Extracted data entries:
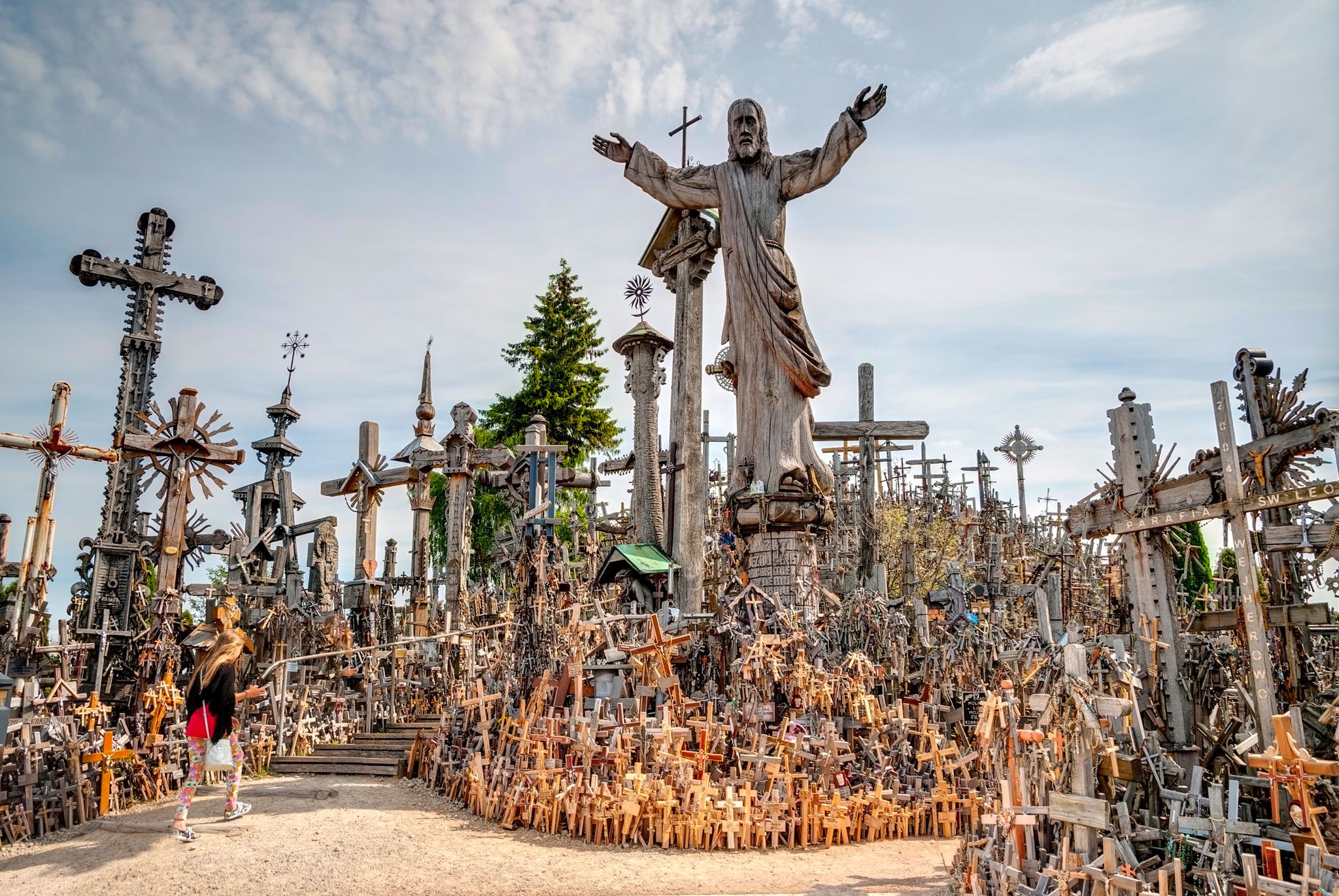 photo of Siauliai, Lithuania -July 18: Pilgrims visiting hill of crosses (kryziu kalnas) a famous religious landmark in Lithuania on July 18, 2015.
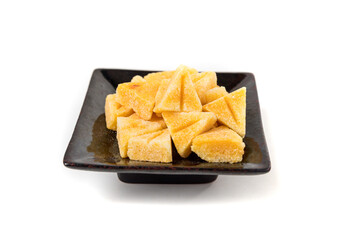 Saffron spiced sugar cubes in a pile on a black tray side view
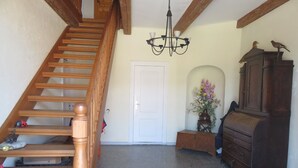 A wooden staircase, a chandelier, a white door, a wooden cabinet, and a vase with flowers. - Hoffarth Apartment with Private Terrace, Garden, and Wi-Fi (Gelting)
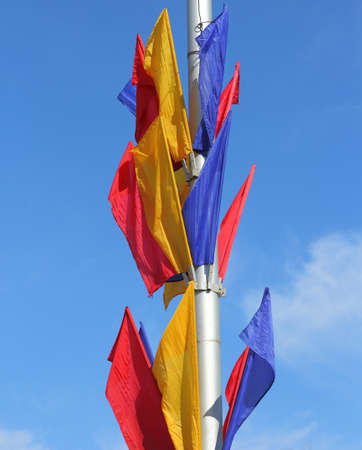 colored flags on a blue sky backgroundの写真素材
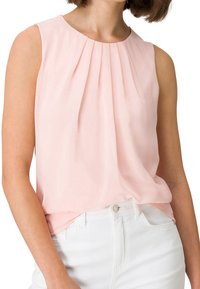 Blusa sin mangas de color rosa pálido con diseño plisado, hecha de tela ligera; llevada sobre jeans blancos con cierre frontal de botones.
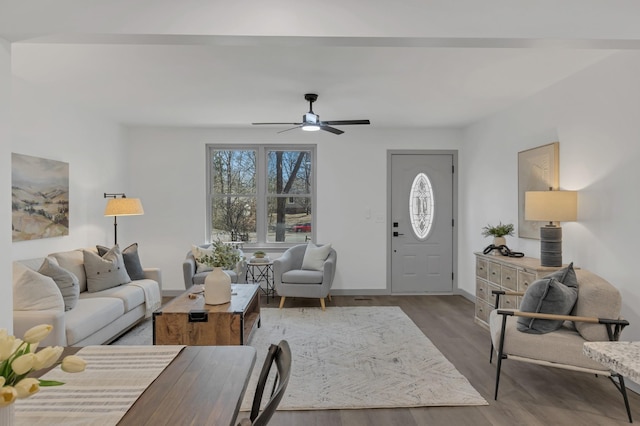 living room with ceiling fan, wood finished floors, and baseboards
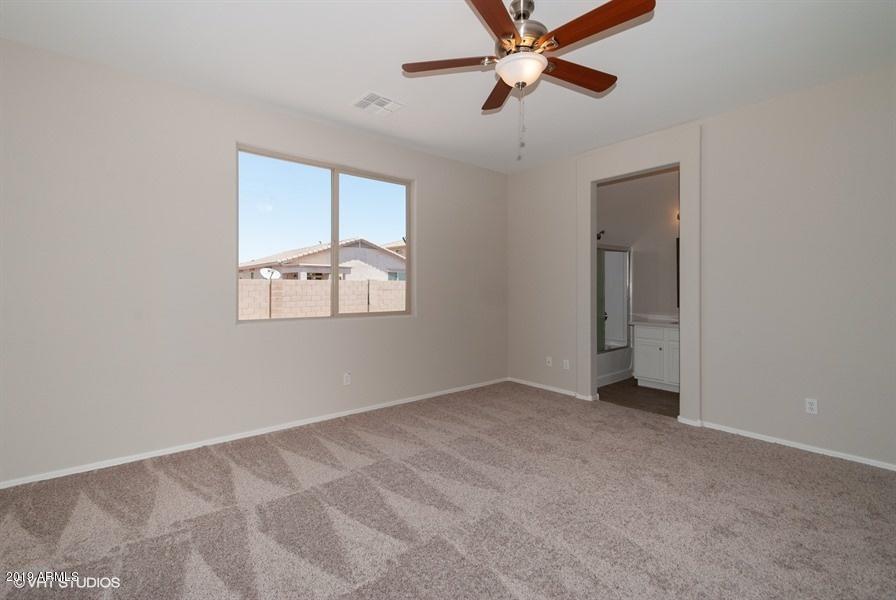 7338 West Darrel Road Laveen, AZ 85339 - Photo 17 of 25 an empty room with windows and fan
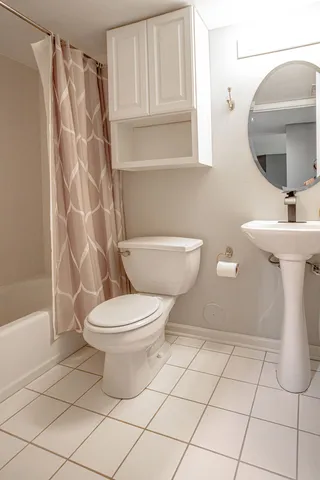 a bathroom with a toilet a sink and bathtub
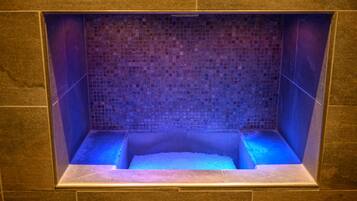 Relax in a serene bathtub area with a mosaic tile wall and stone accents.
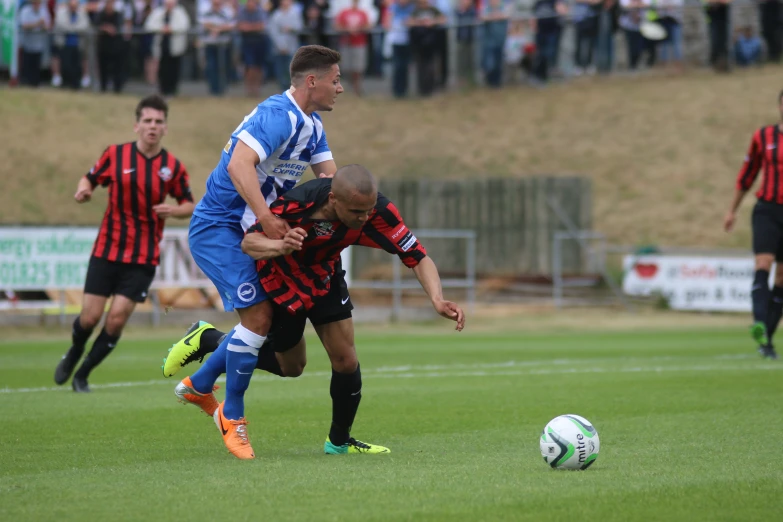 a soccer game with two players fighting for control of the ball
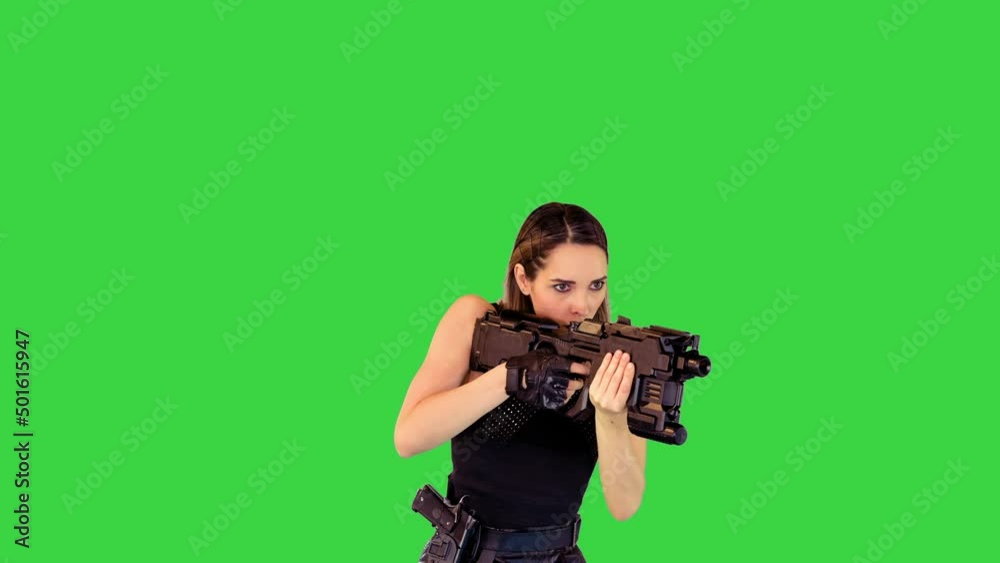 Cyberpunk girl walks with machine gun, taking an aim, making a single shot on a Green Screen, Chroma Key. Cyberpunk girl walks with machine gun, taking an aim, making a single shot on a Green Screen, Chroma Key.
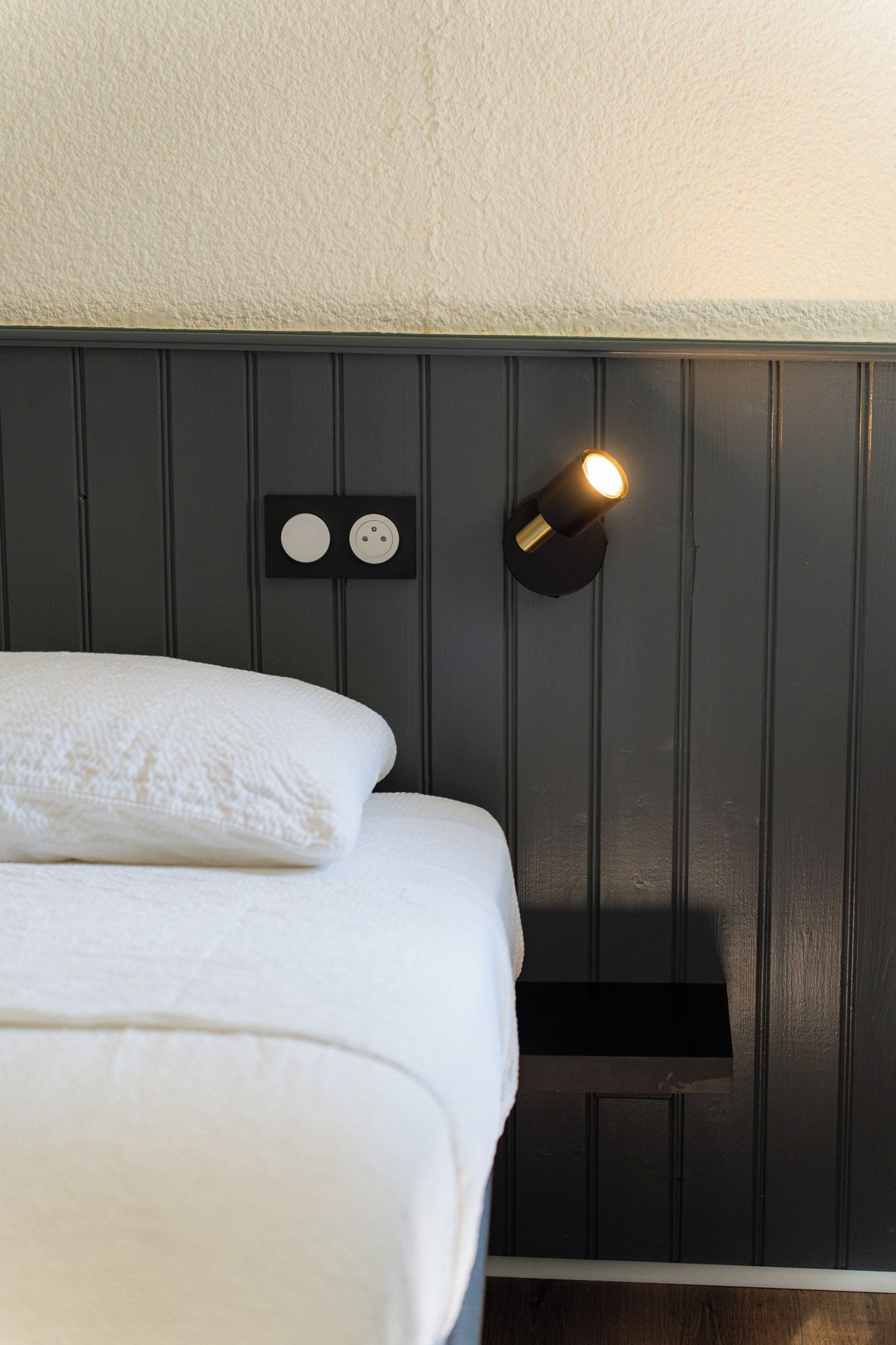 En seng med hvide sengetøj, en vægmonteret lampe og en lille hylde.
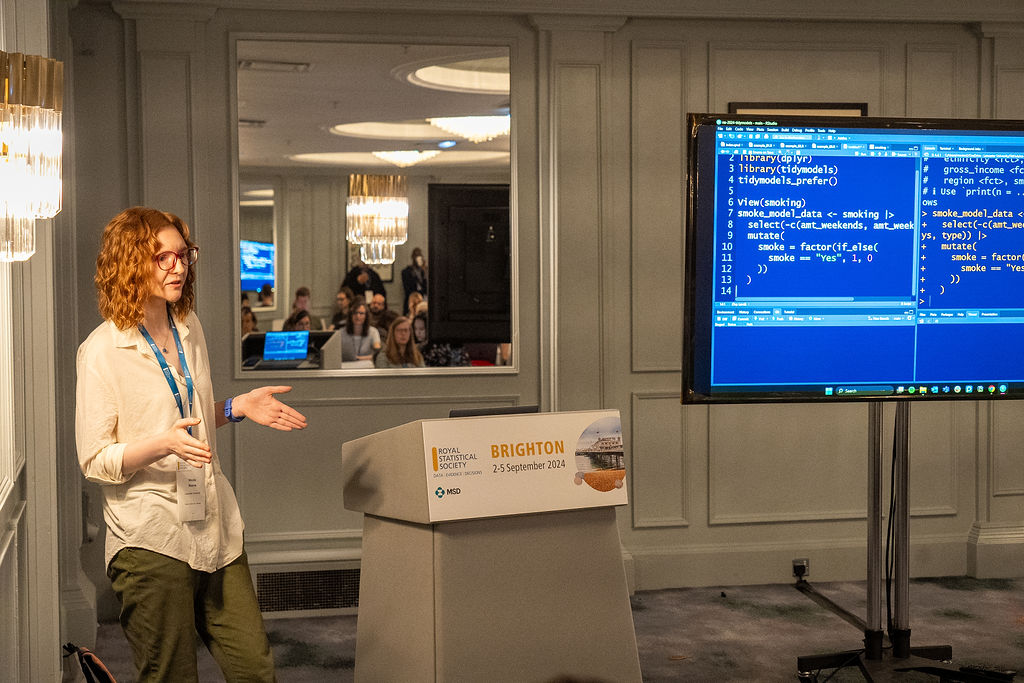 Fotografie cu mine la conferința RSS stând în fața unui televizor care arată un cod R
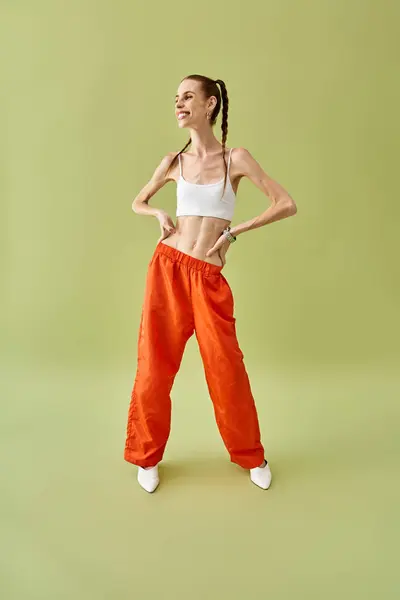 Young woman with a strong presence showcases fashion while embodying a personal struggle. — Stock Photo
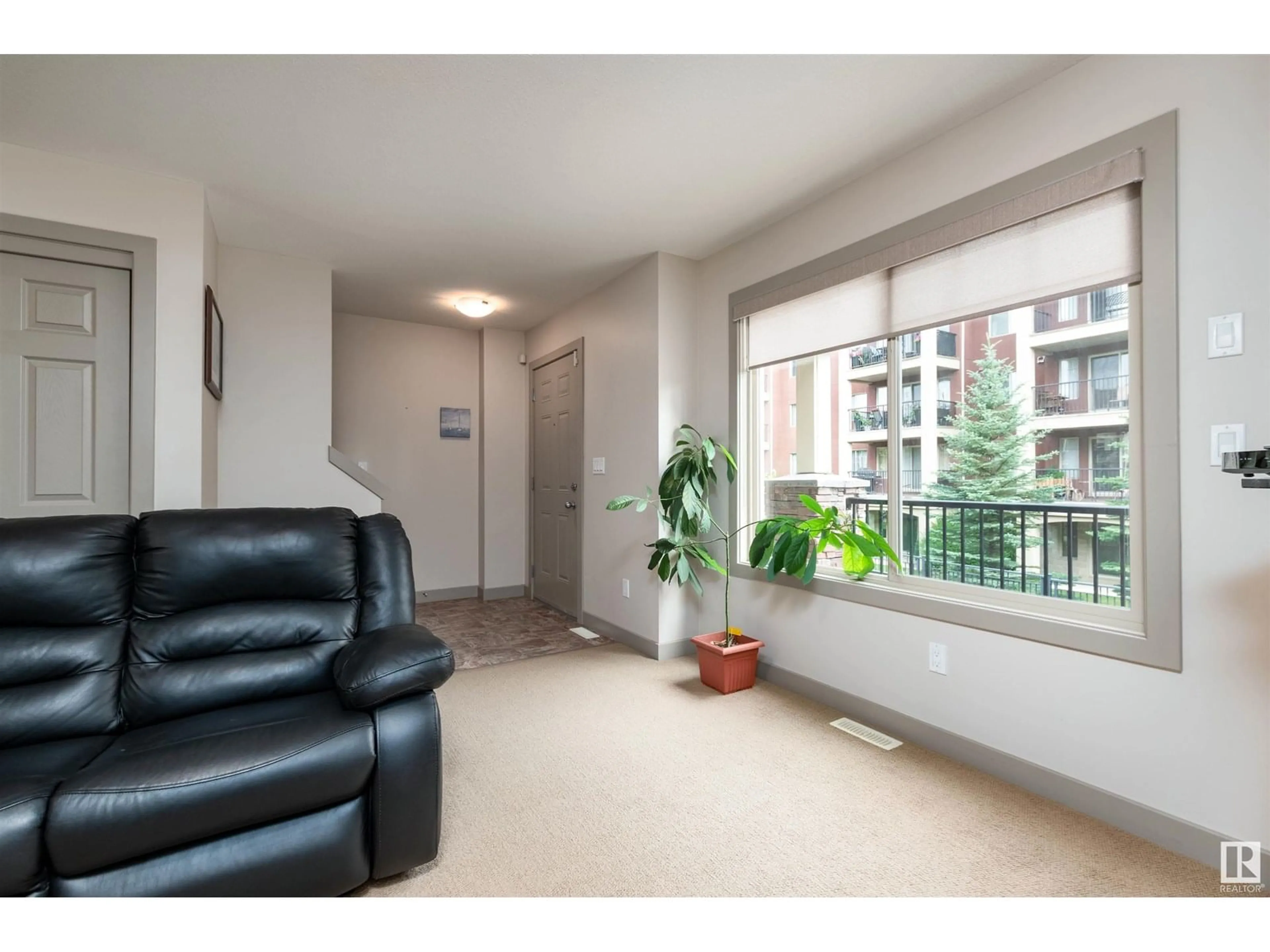 Living room with furniture, unknown for 707 - 401 PALISADES WY, Sherwood Park Alberta T8H0R7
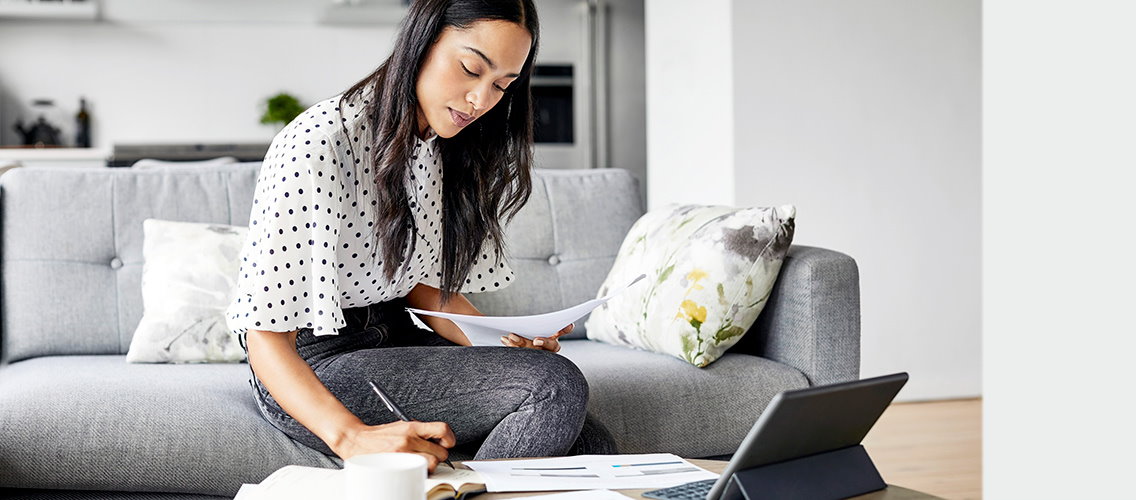 woman writing on paper on a coffee table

● PROBLEM DETAILS:
Skip the pictures and print exactly the lines from the one containing "Blusa sin mangas" through the end of the records above.

● WRITTEN RESPONSE:
 Blusa sin mangas de color rosa pálido con diseño plisado, hecha de tela ligera; llevada sobre jeans blancos con cierre frontal de botones.
 living room with ceiling fan, wood finished floors, and baseboards
 7338 West Darrel Road Laveen, AZ 85339 - Photo 17 of 25 an empty room with windows and fan
 a bathroom with a toilet a sink and bathtub
 Relax in a serene bathtub area with a mosaic tile wall and stone accents.
 a soccer game with two players fighting for control of the ball
 Cyberpunk girl walks with machine gun, taking an aim, making a single shot on a Green Screen, Chroma Key. Cyberpunk girl walks with machine gun, taking an aim, making a single shot on a Green Screen, Chroma Key.
 En seng med hvide sengetøj, en vægmonteret lampe og en lille hylde.
 Fotografie cu mine la conferința RSS stând în fața unui televizor care arată un cod R
 Young woman with a strong presence showcases fashion while embodying a personal struggle. — Stock Photo
 Living room with furniture, unknown for 707 - 401 PALISADES WY, Sherwood Park Alberta T8H0R7
 woman writing on paper on a coffee table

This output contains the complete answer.